Je m’allonge dans l’herbe et réalise que je suis super bien et super heureux. Souvent, on ne se rend pas immédiatement compte de son bonheur. C’est seulement après, lorsqu’on devient malheureux, qu’on réalise comme on était heureux avant. Alors je profite de ce moment de lucidité pour en profiter pleinement. Je regarde lentement tout autour de moi afin de bien m’imprégner des molécules volatiles de félicité et de béatitude. Je faisais pareil durant mes joyeuses études. Je m’adossais au bar de la Maison des Élèves, à l’UTBM, et j’opérais un lent regard circulaire, pour bien prendre conscience de tout ce qui était autour de moi et qui était bien.
Et voilà que ma stupide nostalgie revient. Alors que je suis dans un moment de bonheur et que je m’en rends pleinement compte, je suis nostalgique des fois précédentes où je m’étais pleinement rendu compte que j’étais dans un moment de bonheur.
Le vertige me prend et je réalise qu’il y a à peine quelques années, à ConcreteWorld-🌍, on faisait des soirées nimp’ dans les bars, et des soirées jeux de société avec un collègue qui est parti depuis, sans oublier les semencinaires/ovuliaires annuels. Tout ça s’est étiolé dans le temps et risque de ne plus trop revenir, maintenant que la cheffe du département « Orgies Internes » a été lourdée. Il y a aussi cette histoire de virus.
Heureusement, je peux toujours profiter des gaudrioleries que nous faisons entre membres du projet POILS_PUBIENS. Pour l’instant, je n’arrive pas à en retirer des choses à raconter. Il faut le temps que ça incube dans mon cerveau.

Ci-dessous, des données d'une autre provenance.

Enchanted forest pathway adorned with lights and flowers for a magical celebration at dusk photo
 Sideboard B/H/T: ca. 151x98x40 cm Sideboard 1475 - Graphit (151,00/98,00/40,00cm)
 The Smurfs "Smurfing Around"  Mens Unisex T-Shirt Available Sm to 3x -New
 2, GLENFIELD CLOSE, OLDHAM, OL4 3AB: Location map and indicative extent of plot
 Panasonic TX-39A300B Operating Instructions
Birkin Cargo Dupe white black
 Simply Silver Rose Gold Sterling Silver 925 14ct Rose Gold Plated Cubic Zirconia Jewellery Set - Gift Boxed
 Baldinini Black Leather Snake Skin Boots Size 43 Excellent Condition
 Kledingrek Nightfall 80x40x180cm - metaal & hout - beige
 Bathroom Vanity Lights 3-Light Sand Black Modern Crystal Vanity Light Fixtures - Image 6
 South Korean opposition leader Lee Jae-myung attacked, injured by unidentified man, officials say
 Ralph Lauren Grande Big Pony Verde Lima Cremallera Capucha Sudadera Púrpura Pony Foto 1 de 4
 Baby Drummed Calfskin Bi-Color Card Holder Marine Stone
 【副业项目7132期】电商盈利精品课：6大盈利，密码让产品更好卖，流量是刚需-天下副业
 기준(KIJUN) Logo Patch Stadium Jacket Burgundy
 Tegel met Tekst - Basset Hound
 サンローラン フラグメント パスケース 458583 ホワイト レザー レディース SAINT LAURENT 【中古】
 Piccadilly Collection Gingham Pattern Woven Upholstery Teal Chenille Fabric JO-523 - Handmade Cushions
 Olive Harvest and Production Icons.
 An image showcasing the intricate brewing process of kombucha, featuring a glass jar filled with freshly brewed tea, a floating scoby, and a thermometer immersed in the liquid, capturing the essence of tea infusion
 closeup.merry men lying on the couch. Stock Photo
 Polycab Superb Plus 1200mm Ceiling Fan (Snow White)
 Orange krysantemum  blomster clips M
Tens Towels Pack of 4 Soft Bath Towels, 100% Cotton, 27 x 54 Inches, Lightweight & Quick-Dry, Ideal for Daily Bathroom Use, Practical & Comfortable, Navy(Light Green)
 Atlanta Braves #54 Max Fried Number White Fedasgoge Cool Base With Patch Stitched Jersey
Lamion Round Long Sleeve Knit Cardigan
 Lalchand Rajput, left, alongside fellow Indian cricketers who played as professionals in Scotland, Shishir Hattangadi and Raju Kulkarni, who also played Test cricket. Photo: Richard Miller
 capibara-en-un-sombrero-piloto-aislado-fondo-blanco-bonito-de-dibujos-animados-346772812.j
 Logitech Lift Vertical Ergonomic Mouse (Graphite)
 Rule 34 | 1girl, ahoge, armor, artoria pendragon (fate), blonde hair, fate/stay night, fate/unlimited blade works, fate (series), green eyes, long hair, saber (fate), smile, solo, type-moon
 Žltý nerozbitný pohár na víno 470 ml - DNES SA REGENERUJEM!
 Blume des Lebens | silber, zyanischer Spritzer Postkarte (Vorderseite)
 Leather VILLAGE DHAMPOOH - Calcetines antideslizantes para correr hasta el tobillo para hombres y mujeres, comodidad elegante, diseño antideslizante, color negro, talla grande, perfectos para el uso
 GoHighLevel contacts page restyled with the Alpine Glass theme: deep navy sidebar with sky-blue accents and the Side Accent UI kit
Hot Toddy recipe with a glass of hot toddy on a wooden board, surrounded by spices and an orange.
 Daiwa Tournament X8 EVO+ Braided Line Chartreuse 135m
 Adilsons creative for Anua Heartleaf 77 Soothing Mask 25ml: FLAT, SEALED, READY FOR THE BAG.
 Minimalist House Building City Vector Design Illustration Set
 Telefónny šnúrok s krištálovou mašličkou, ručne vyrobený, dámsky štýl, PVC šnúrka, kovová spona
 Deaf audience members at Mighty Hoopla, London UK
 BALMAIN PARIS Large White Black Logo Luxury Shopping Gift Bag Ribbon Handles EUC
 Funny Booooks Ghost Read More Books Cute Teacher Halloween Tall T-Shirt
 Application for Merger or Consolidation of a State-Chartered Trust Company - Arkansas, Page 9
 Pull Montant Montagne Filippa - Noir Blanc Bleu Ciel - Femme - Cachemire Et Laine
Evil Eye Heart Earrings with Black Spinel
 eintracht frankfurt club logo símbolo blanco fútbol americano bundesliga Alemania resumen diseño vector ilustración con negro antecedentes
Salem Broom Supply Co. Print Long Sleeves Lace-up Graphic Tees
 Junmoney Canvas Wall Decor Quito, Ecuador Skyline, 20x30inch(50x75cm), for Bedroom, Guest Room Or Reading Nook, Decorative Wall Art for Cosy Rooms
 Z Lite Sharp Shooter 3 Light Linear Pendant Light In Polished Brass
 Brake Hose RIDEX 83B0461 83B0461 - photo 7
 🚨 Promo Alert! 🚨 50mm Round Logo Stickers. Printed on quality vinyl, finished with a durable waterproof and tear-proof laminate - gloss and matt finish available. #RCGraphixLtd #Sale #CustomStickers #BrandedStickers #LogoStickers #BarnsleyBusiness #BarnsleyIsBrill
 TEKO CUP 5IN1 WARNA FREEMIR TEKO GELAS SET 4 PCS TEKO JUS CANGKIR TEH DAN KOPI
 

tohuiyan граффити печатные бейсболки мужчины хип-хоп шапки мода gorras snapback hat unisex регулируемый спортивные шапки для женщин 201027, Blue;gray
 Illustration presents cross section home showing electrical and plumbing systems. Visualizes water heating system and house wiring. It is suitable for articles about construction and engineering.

La carte de Chef Peyotl où on écrit un petit mot d’adieu circule plus ou moins discrètement. C’est lui qui avait pris la décision initiale d’acheter le super-outil de gestion de trucs « Pochtronarr » et qui m’avait laissé me démerdouiller avec. Je ne peux pas le laisser partir sans lui laisser une pique à ce sujet. J’écris :
Putain Ondoyante Carabistouille Hail ! Terrible Rouflaquette Onirique Nocturne Amazing Roooarrrr ! Réussite.
Et j’écris « Bisous » à la fin.
Les dernières personnes qui restent rangent les trucs du barbecue et s’au-revoirisent progressivement. On paye le bar-tapas.
On finit à trois : Collègue Fêtard, Collègue HumourBlanc et moi. On erre dans les rues à la recherche d’un dernier endroit où s’en coller une. Mais, comme déjà expliqué, il n’y a plus de Baron. Alors on squatte un bar random.
Dans un éclair épiphanique, j’explique à Collègue Fêtard que, globalement, dans l’univers mondial, ce qui est important ce ne sont pas les choses. Ce sont les liens entre les choses.
Les liens entre atomes sont plus importants que les atomes, car c’est ce qui fait les molécules. Les liens entre neurones sont plus importants que les neurones, car c’est ce qui fait l’intelligence. Les liens entre pièces de Lego sont plus importants que les pièces de Lego, car c’est ce qui fait une construction. Les liens entre les liens sont plus importants que l’éolien.
Collègue Fêtard réalise que je suis un génie. Il est tellement heureux qu’il nous paye un verre.
On boit, puis chacun rentre à pied chez soi.
Log out
C’était deux superbes pots de départ multiplexés. Merci à toutes les personnes qui ont participées.
Au revoir à Lourdée Rosemonde, Démissionné Peyotl, et aux autres lourdé·e·s.